» Aim of the exercise
Please restate exactly the lines from the one holding "Hose - Top HOLDEN" to the end of the material, including both ends and excluding every picture.

::: Data below

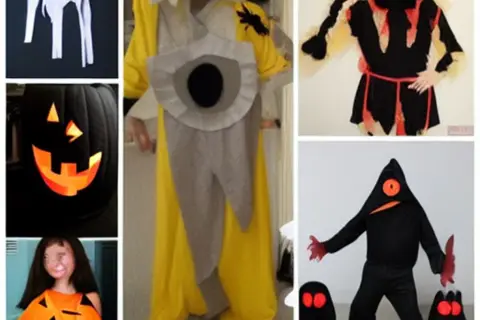Jak zrobić strój na Halloween samemu – proste pomysły i tanie rozwiązania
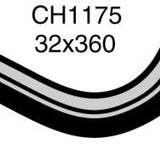 Hose - Top HOLDEN SUNBIRD 1.9L OHV CH1175 - MACKAY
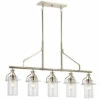 Outlet ⌛ Kichler Lighting Kichler Everett 42 Inch 5 Light Linear Chandelier With Clear Glass In Polished Nickel ✨ -Kichler Lighting Shop unnamed file 1570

::::::

» Result of the task
 Hose - Top HOLDEN SUNBIRD 1.9L OHV CH1175 - MACKAY
 Outlet ⌛ Kichler Lighting Kichler Everett 42 Inch 5 Light Linear Chandelier With Clear Glass In Polished Nickel ✨ -Kichler Lighting Shop unnamed file 1570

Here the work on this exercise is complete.